Et après le "amen", l'évêque impose l'orarion de diacre sur l'épaule et autour de la nuque de la femme, sous le maphôrion, ramenant les deux extrémités par devant (7). Les autres diacres se tiennent debout hors du sanctuaire et disent : Ayant commémoré tous les saints, encore et encore, prions le Seigneur, etc. Après qu'elle ait reçu la Communion au saint Corps et saint Sang, l'évêque lui remet le Calice. Lorsqu'elle l'a reçu, elle le pose sur la sainte Table.

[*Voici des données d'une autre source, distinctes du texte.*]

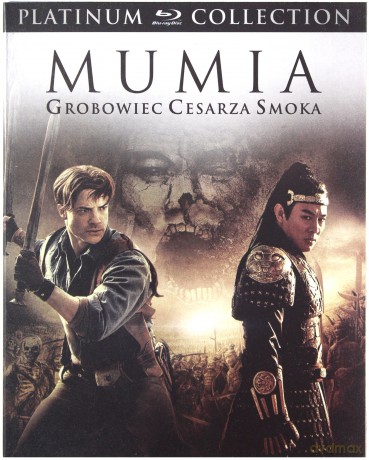 Mumia: Grobowiec Cesarza Smoka (Platinum Collection) [Blu-Ray]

[1]. L'ordination prend place au même moment dans la Liturgie que pour les diacres masculins, et le rôle du diaconat comme ministère du Calice se voit mis en exergue par la remise du Calice à la diaconesse nouvellement ordonnée. Cela indique clairement que la nouvelle ordonnée était admise dans le sanctuaire et se tenait près de l'Autel. Le canoniste du 14ème siècle Mathieu Blastares note que "excepté sur quelques détails, l'ordination des diaconesses doit être accomplie comme celle des diacres." Il note en particulier que "elle est amenée à la sainte Table." Les détails des rubriques des anciens livres sont peu nombreux et la formule d'ordination concrète n'est pas donnée entièrement. Suite à cela, nous ne savons pas comment la candidate était décrite, ou quel était son statut ecclésiastique avant l'ordination. Je ne crois pas que le fait qu'elle ne fait que se courber et pas s'agenouiller aie la moindre signification théologique.
[2] Voir le rite d'ordination des diacres masculins.
[3] Grec: "diakonia".
[4] Grec: "leitourgia." Traduit ici et ailleurs par "ministère," et le verbe par "administrer."
[5] Cette prière est moins spécifique que pour le diaconat masculin et ne fait pas référence au "service des Mystères." D'un autre côté, il n'y a pas de distinction entre les sexes quant au "don du Saint Esprit" conferré par l'ordination.
[6] Alors que le modèle pour le diaconat masculin est saint Étienne, celui pour les diaconesses est sainte Phébée de Cenchrée, qui est clairement décrite comme "diaconesse" dans l'épître aux Romains chapitre 16. Par contraste avec la prière pour les candidats masculins, cette prière-ci souligne le fait que la femme s'est consacrée elle-même pour l'ordination, ce qui est plus une réminescence du rite la profession monastique.
[7] La diaconesse est décrite spécifiquement comme revêtue de l'orarion du diacre, mais elle le porte avec les 2 pans qui pendant devant elle, comme une étole occidentale, plutôt que par dessus son épaule gauche. Cette différence semble être une question d'ordre pratique, car la diaconesse portant le maphorion, ou ample voile monastique, cela aurait posé problème de devoir porter l'orarion sur l'épaule.